# Hey hey from Indiana!



## beakerello (Apr 12, 2007)

:welcomesign: to AT


----------



## carlosii (Feb 25, 2007)

Howdy from Knox County site of the Indiana ASA 3D championships this coming Sunday. :darkbeer: (Shameless promotion!)


----------



## sunshinec72 (Jun 16, 2007)

carlosii said:


> Howdy from Knox County site of the Indiana ASA 3D championships this coming Sunday. :darkbeer: (Shameless promotion!)


Im over in the Terre Haute area, unfortunitely with the hubby's work schedule and the two little ones we dont make as many shoots as we would like to and we cant really travel that far. So usually he makes it to the out of town shoots while I care for the kids. Besides, havent been shooting that long and dont think Im quite ready for humiliation! LOL


----------



## Tim Roberts (Jul 13, 2002)

:yo: :wave3: Hello and :welcomesign: to Archery Talk Carla. Have fun here.


----------



## mikel m14 (Jul 24, 2006)

:welcome: to AT and have Fun!

Enjoy Shooting!:archer:


----------



## sunshinec72 (Jun 16, 2007)

*Thanks*

Thank you everyone!!!


----------



## harleyrider (Jul 5, 2006)

*Hey! Hey! Back at you from Indiana*

Welcome to AT. :darkbeer: You will find that you will also soon be lost here on the Island of AT (my wife still hasn't found me)!

HR


----------



## sunshinec72 (Jun 16, 2007)

*Choices*

Well my choices were to either divorce him, kill him or join him. Joining him took the least effort!


----------



## archerycharlie (Nov 4, 2002)

*Welcome*

Welcome to the largest archery forum on the internet.:secret:

You will find out that there are no strangers on here,but there are some strange ones on here.

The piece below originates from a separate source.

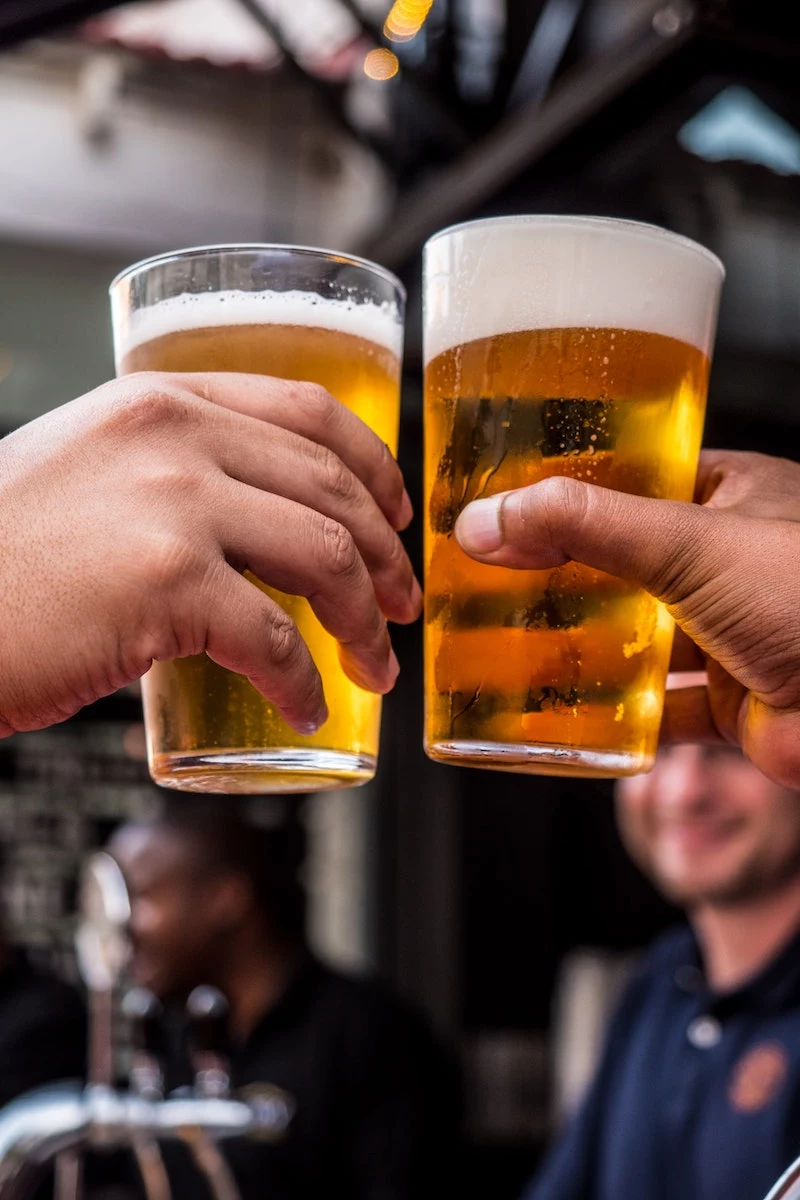 worst foods and drinks for your teeth two beers giving cheers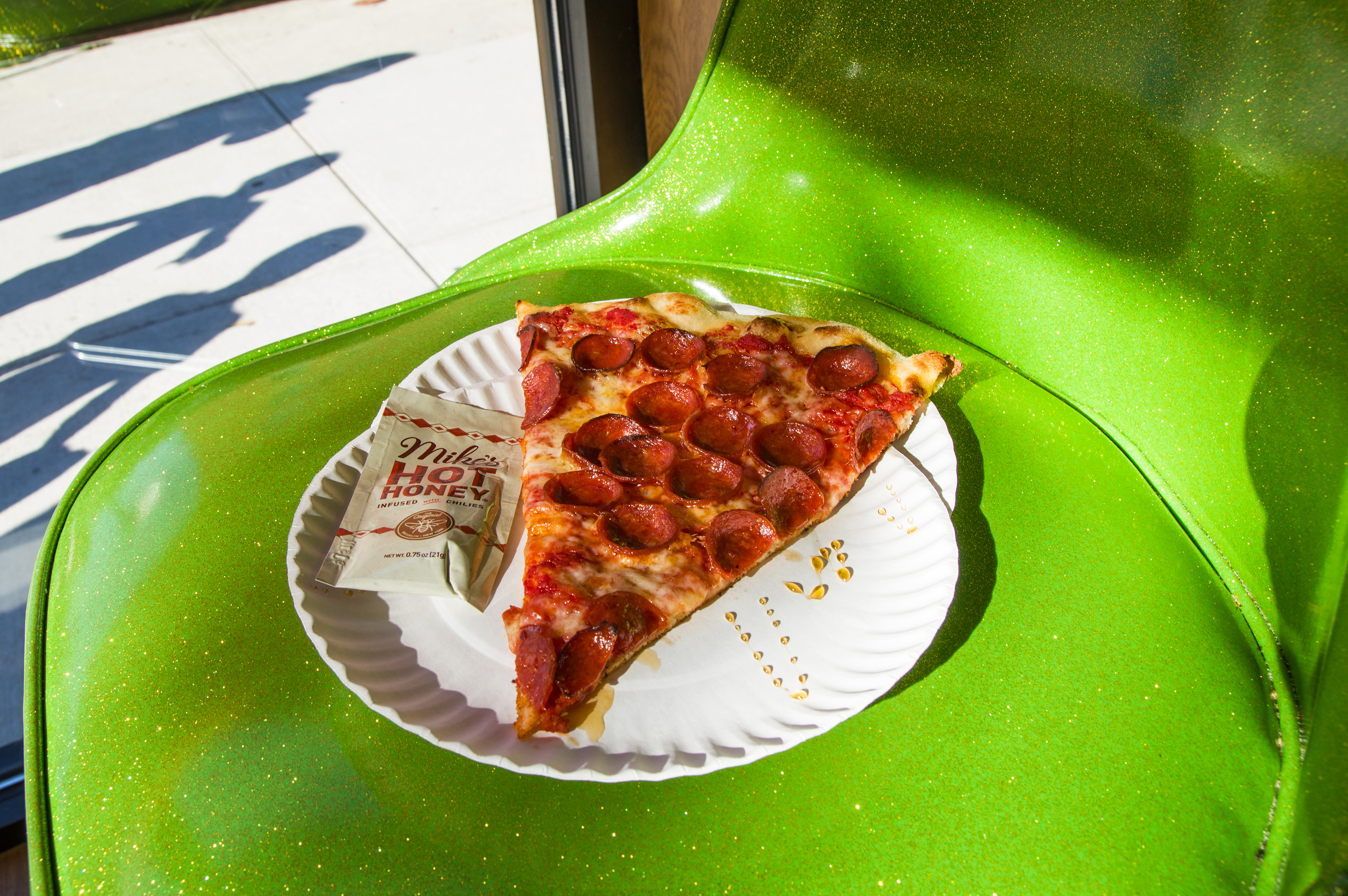 Pepperoni pizza slice with Mike's Hot Honey at Paulie Gee's Slice Shop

Have fun and stop in often. Hope ya got 2 puters.:wink: AC


----------



## sunshinec72 (Jun 16, 2007)

No, just one computer, however, Im an at home mom so I can be on it when hes sleeping and at work, it works out! Thanks for the welcome!!!


----------



## Selil (Sep 5, 2005)

Welcome another member of the hoosier mafia!


----------



## pTac (Jun 25, 2005)

Welcome from Cass County!


----------



## sunshinec72 (Jun 16, 2007)

This thread was my first post and Im just amazed at what a warm welcome I have recieved here! Thank you so much! Its kinda funny, I thought there were VERY few women shooters until I came here. Even the local shoots that I go to there arent that many woman shooters. Wasnt sure how I would be received on a "guys" site. But my husband assured me that I would fit right in, thanks again to all of you who have made me feel at home!


----------



## swampfrogg (Jun 29, 2007)

Welcome to AT. You'll find it is hard to get away from.


----------



## Dthbyhoyt (Dec 4, 2004)

:welcome: 2 ArcheryTalk


----------



## jva54 (Dec 14, 2005)

Welcome to AT!!! :wave:


----------



## DFINN (Jun 24, 2007)

*New To At*

From Indiana 
Kids Are Older .now I'm Back Into Bow Hunting,after 9yrs.
I Found This Web Site (great!)


----------



## Booner1331 (Sep 13, 2006)

hello and welcome


----------



## dkoutdoors_girl (Jun 26, 2007)

Hello and Welcome!:wink:


----------



## MOPARLVR4406 (Apr 5, 2006)

Big welcome from Rush county !!!


----------



## sclampa (Sep 18, 2005)

Welcome. If you ever get to Ossian area we would love to have you and your husband come to one of your shoots (Ouabache Archers). OUr schedule is posted under Great Lake Area shoots.


----------



## hoyt65 (Jul 30, 2007)

*just a hello from australia*

Hi all cant wait to chat about archery just starting out:wink:


----------



## Tim Roberts (Jul 13, 2002)

hoyt65 said:


> Hi all cant wait to chat about archery just starting out:wink:


And :yo: :wave3: Hello and :welcomesign: to Archery Talk hoyt65. Have fun here.


----------



## Billfish (Jan 7, 2007)

Welcome to AT from Jackson county in the southern part  you to will get lost in the Humor and Great info that is found here-- Enjoy:wink:


----------



## Bachflock (Jul 14, 2007)

Welcome!!! Great game plan. I just bought a bow for my wife after she expressed interest. I'm hoping she enjoys it!


----------